Die Herausforderung im Visual Merchandising
Der Visual Merchandiser bedient ein weites Aufgabengebiet. Denn wie bereits erwähnt, eine hübsche Dekoration genügt heute nicht zur Verkaufsförderung. Visual Merchandising beginnt bereits beim Markenimage und der passenden Marketingstrategie. Zur Präsentation von Produkten müssen Trends und Entwicklungen ebenso reflektiert werden wie mögliche Ansprüche der gewünschten Zielgruppe. Bei der Gestaltung des Point-of-Sale muss sich die Ware selbst und ohne Verkäufer eindeutig erklären und zuordnen lassen können. Die Gestaltung der Verkaufsflächen soll die Aufmerksamkeit des Kunden erregen, neben dem Produkt auch den Hersteller glaubwürdig repräsentieren und nicht zuletzt Emotionen wecken.

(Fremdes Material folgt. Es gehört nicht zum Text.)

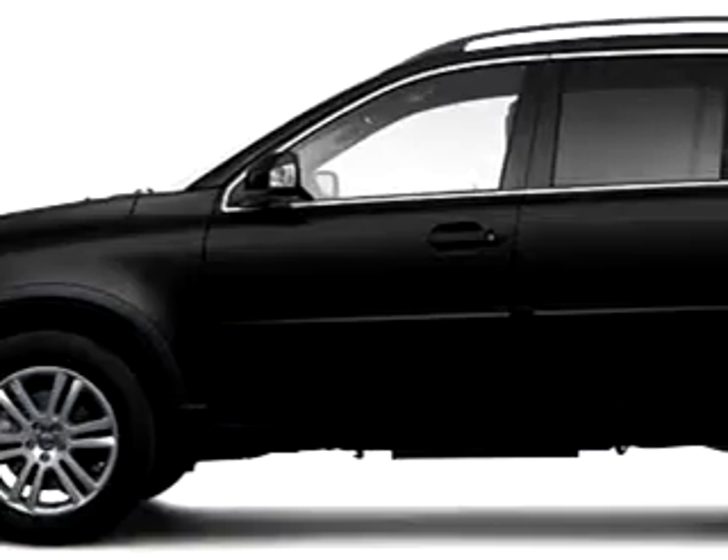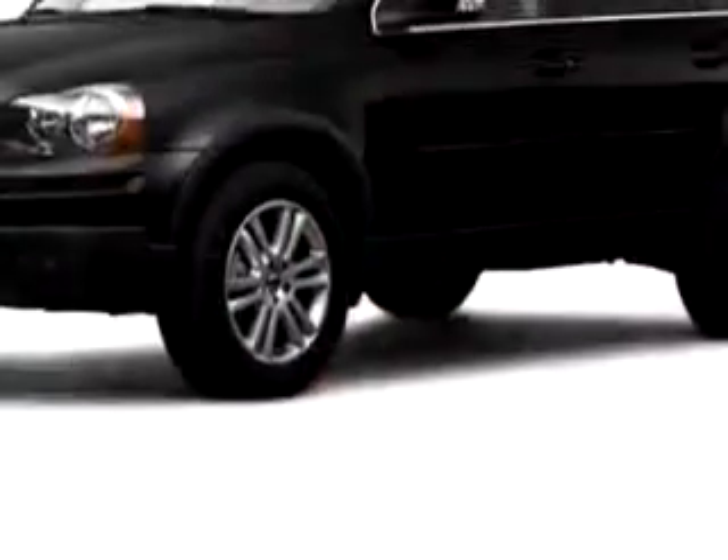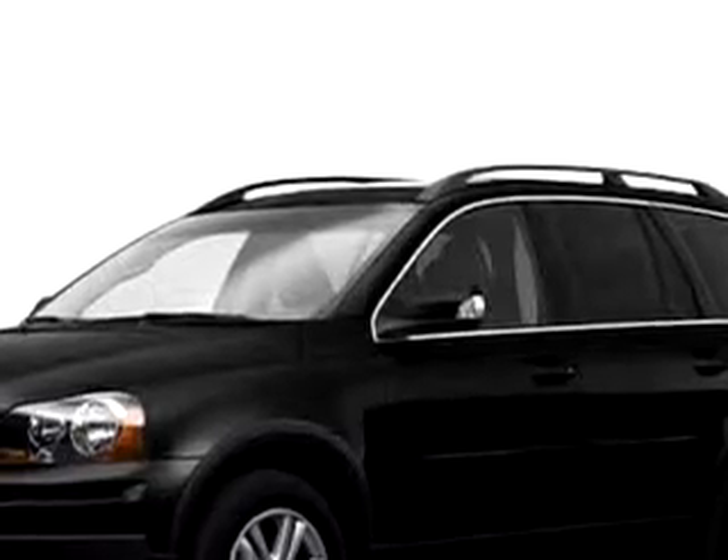Check out this black 2009 Volvo XC90 3.2, equipped with a six-cylinder engine, with 14,543 miles.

Nach Umsetzung der Visual-Merchandising-Strategie gilt es, Verkaufszahlen zu prüfen und anhand derer die Effektivität der Maßnahmen zu reflektieren. Das Aufgabengebiet eines Visual Merchandisers ist weitreichender als auf den ersten Blick vermutet. Auch als Kunde sieht man seine Impulskäufe womöglich mit diesem Wissen in einem anderen Licht. Wie kam es nur, dass man zum neuen Laufschuh nun auch die passenden Socken und ein wirklich teures, aber immerhin atmungsaktives Funktionsshirt in den Schrank räumt? Möglicherweise hat da ein Visual Merchandiser einen richtig tollen Job gemacht…
Bild: pixabay
1 Kommentare
Linne
wehmütig denke ich an meine lehre beim kaufhof köln hohestraße zurück. anno 1970 hatteen wir opulente schaufenster gestaltet, die passanten machten vollbremsungen und strömten umgehend ins kaufhaus . in zeiten verödeter einkaufszonen mit nichtssagend leeren fassaden, zugebretterten schaufensterfronten oder lieblos hingestellen figuren beantwortet sich die frage nach dem ‘warum’ von selbst.